Material provided:
<<<<
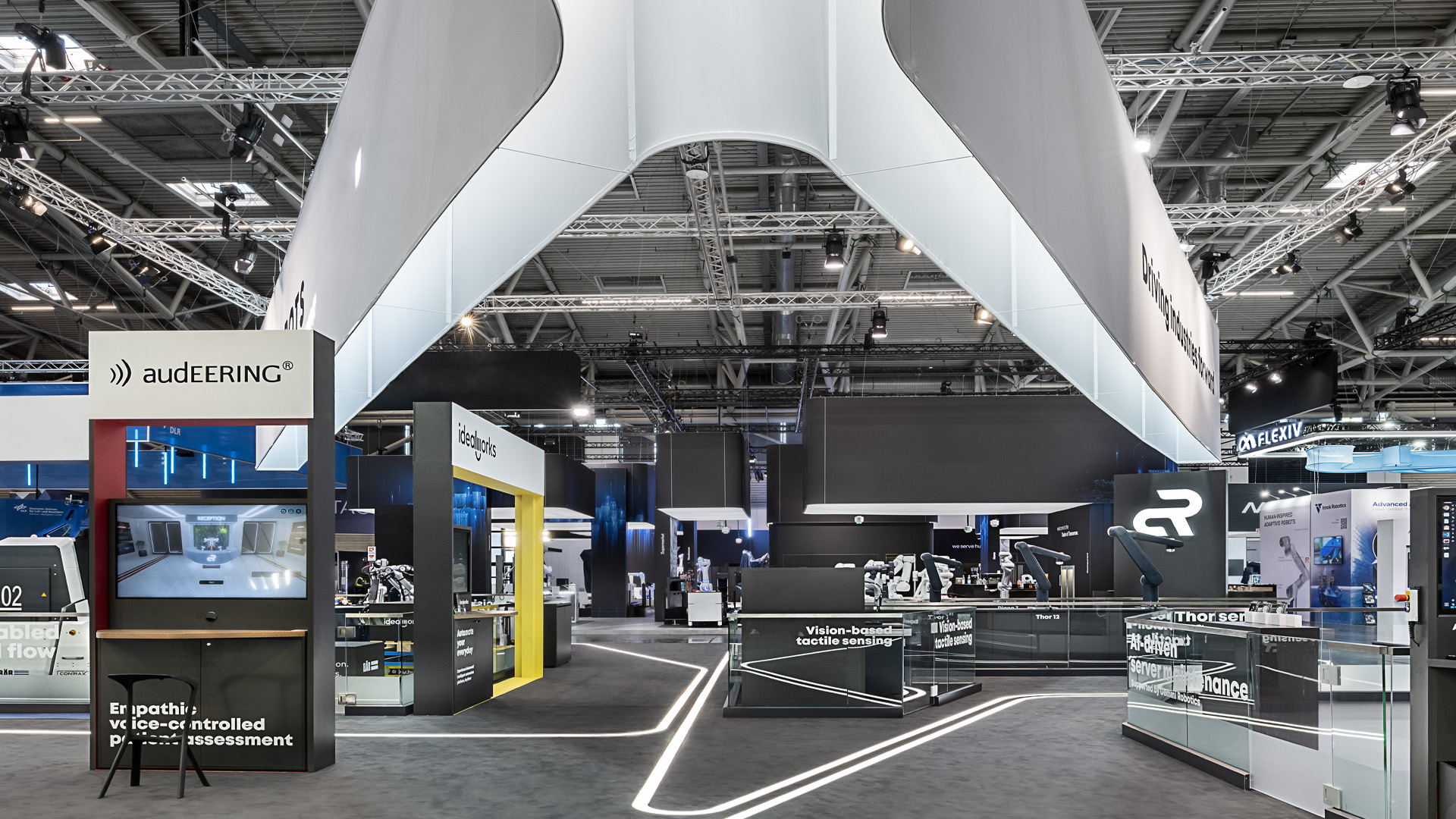 Großzügiger Messestand von Agile Robots auf der automatica in München mit 515 m² Ausstellungsfläche. Der überdimensionale, kreuzförmige Deckenbanner verbindet die Präsentationsbereiche der Tochterunternehmen, während integrierte Leuchtstreifen Besucher intuitiv durch die moderne Robotik- und Automatisierungsausstellung führen.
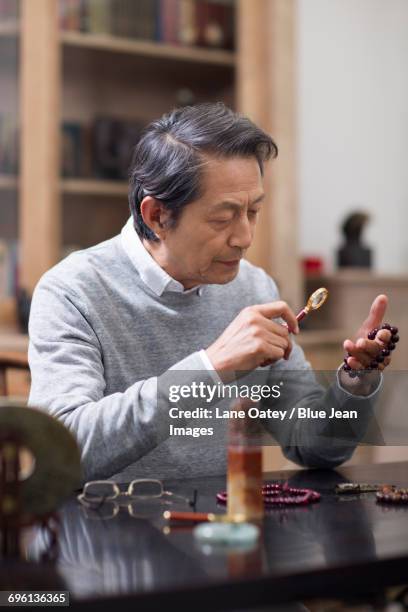 senior man admiring antiques - man sitting at a desk craft stockfoto's en -beelden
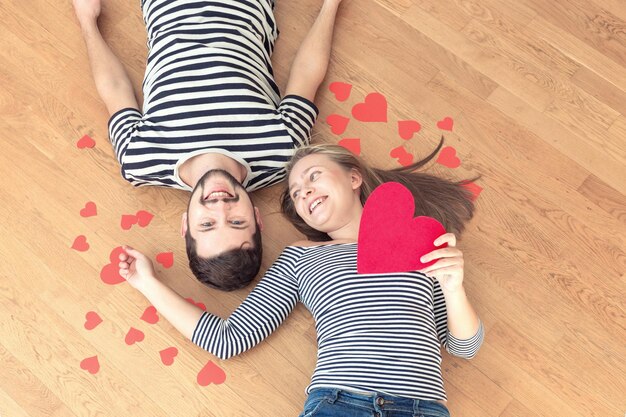 Top view young couple lying on the floor and looking to camera and smile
>>>>
Problem details: Omit pictures; set down the rest of the material word for word.

Solved problem:
 Großzügiger Messestand von Agile Robots auf der automatica in München mit 515 m² Ausstellungsfläche. Der überdimensionale, kreuzförmige Deckenbanner verbindet die Präsentationsbereiche der Tochterunternehmen, während integrierte Leuchtstreifen Besucher intuitiv durch die moderne Robotik- und Automatisierungsausstellung führen.
 senior man admiring antiques - man sitting at a desk craft stockfoto's en -beelden
 Top view young couple lying on the floor and looking to camera and smile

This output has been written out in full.